Kemudian bahan hukum sekunder terdiri dari bahan yang dipakai dalam menjelaskan tentang penelitian terdahulu, diantaranya yaitu buku-buku hukum, artikel ilmiah serta beberapa jurnal yang relavan dengan adanya isu hukum.

Analisa adalah suatu proses dalam bentuk penyederhanaan yang mudah dibaca dan dipahami untuk menemukan jawaban dari pokok masalah isu hukum. Dalam penelitian ini, analisa yang digunakan yaitu metode deduktif yang mana analisa tersebut menjelaskan suatu hal yang bersifat umum untuk dijadikannya sebuah kesimpulan tekait dengan pembatasan akses internet oleh pemerintah dalam perspektif Hak Asasi Manusia (HAM).

Hasil dan Pembahasan

Putusan Pengadilan Tata Usaha Negara Jakarta dengan nomor perkara 230/G/TF/2019/PTUN-JKT berisi tentang putusan dengan pertimbangan-pertimbangan dalam sengketa.
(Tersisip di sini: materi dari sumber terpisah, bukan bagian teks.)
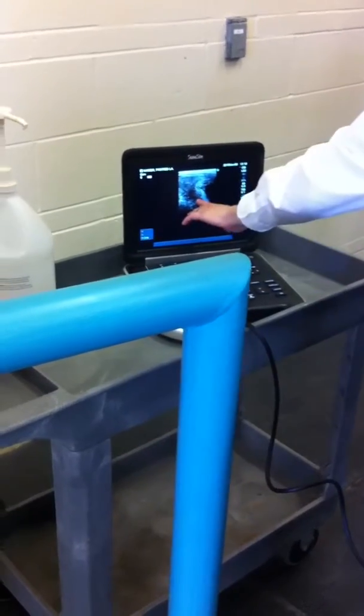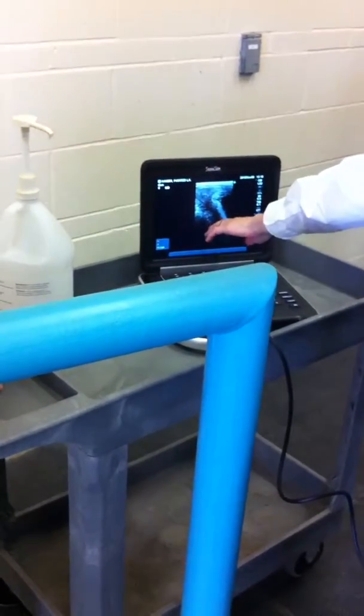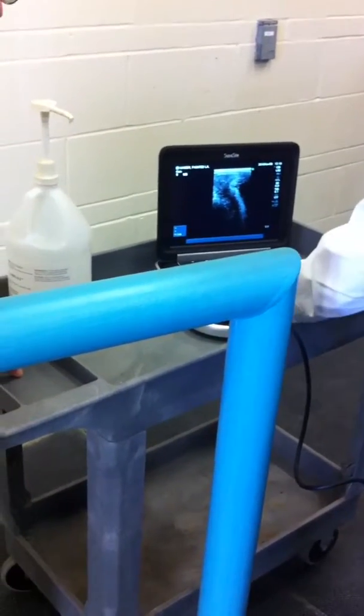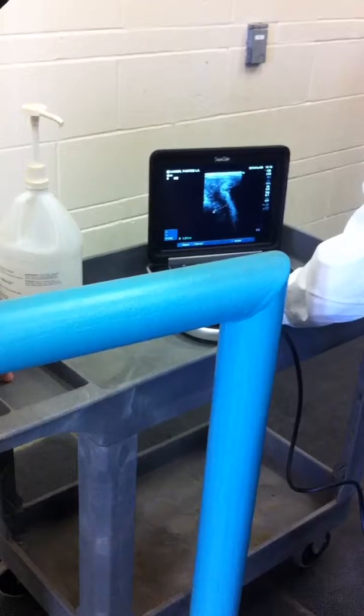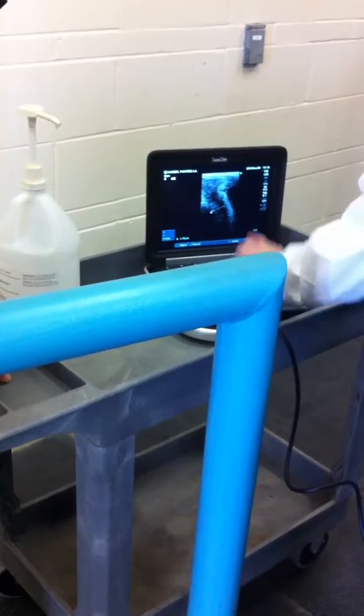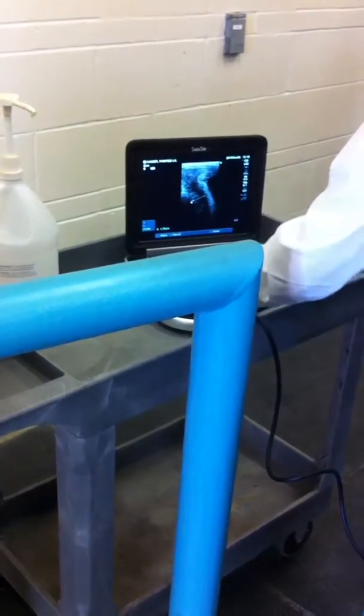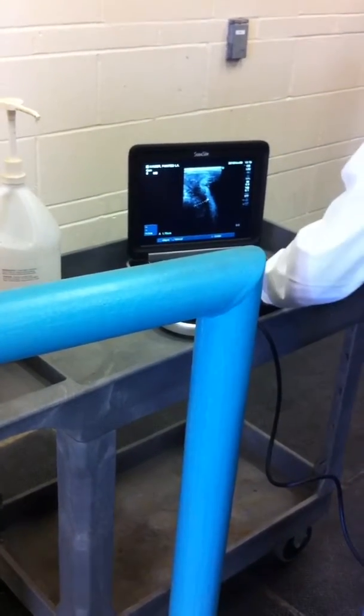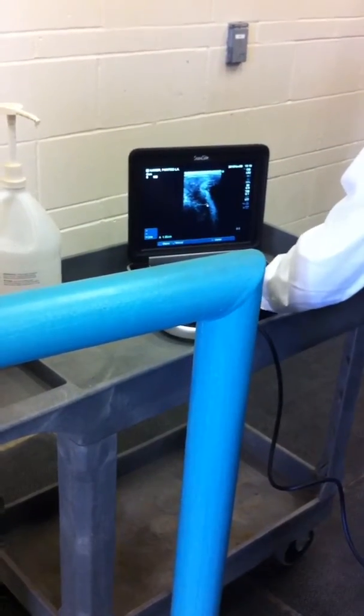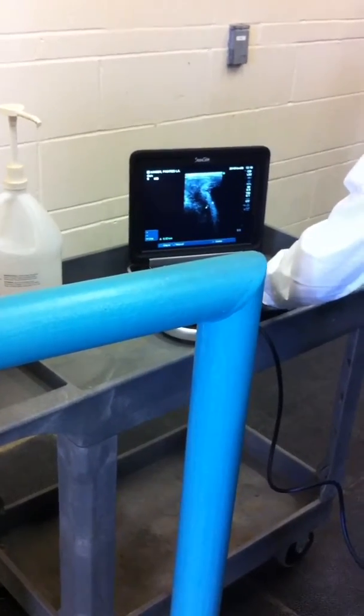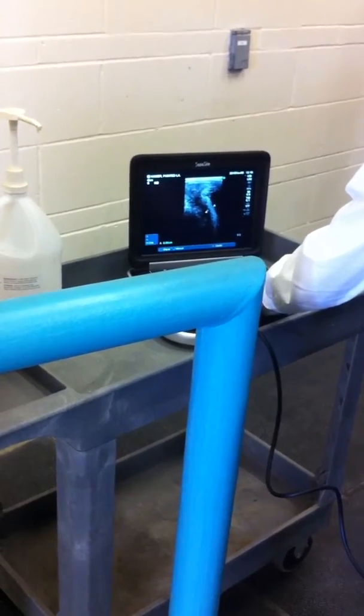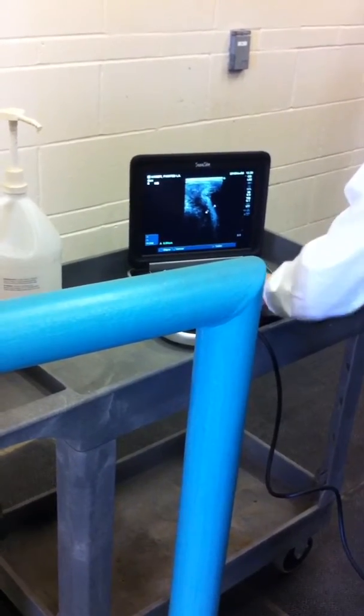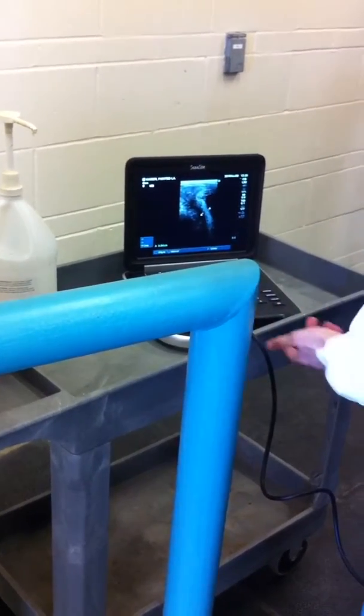So here's the cranial vaginal artery. The black thing to the left, and then this is the combined thickness of the uterine wall, and it is 0.9.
Sengketa tersebut terjadi antara para penggugat yaitu Aliansi Jurnalis Independen (AJI) selaku dari penggugat pertama dan Pembela Kebebasan Berekspresi Asia Tenggara (SAFAnet) selaku dari penggugat kedua dengan melawan para tergugat yaitu Menteri Komunikasi dan Informasi Republik Indonesia selaku tergugat kesatu dan Presiden Republik Indonesia selaku tergugat kedua.

Dalam putusan nomor 230/G/TF/2019/PTUN-JKT yang menjadi objek gugatan tersebut ialah tindakan pemerintah dalam melakukan pembatasan dan pemutusan akses jaringan internet di Papua dan Papua Barat pada tanggal 14 Agustus 2019 sampai dengan tanggal 09 September 2019. Jika dilihat dari adanya objek gugatan, maka tindakan pemerintah merupakan tindakan terhadap pembatasan Hak Asasi Manusia dalam melakukan kebebasan berekspresi yang seharusnya tindakan tersebut dapat dilakukan apabila adanya suatu keadaan bahaya atau keadaan darurat yang sesuai dengan legatitas yang berlaku.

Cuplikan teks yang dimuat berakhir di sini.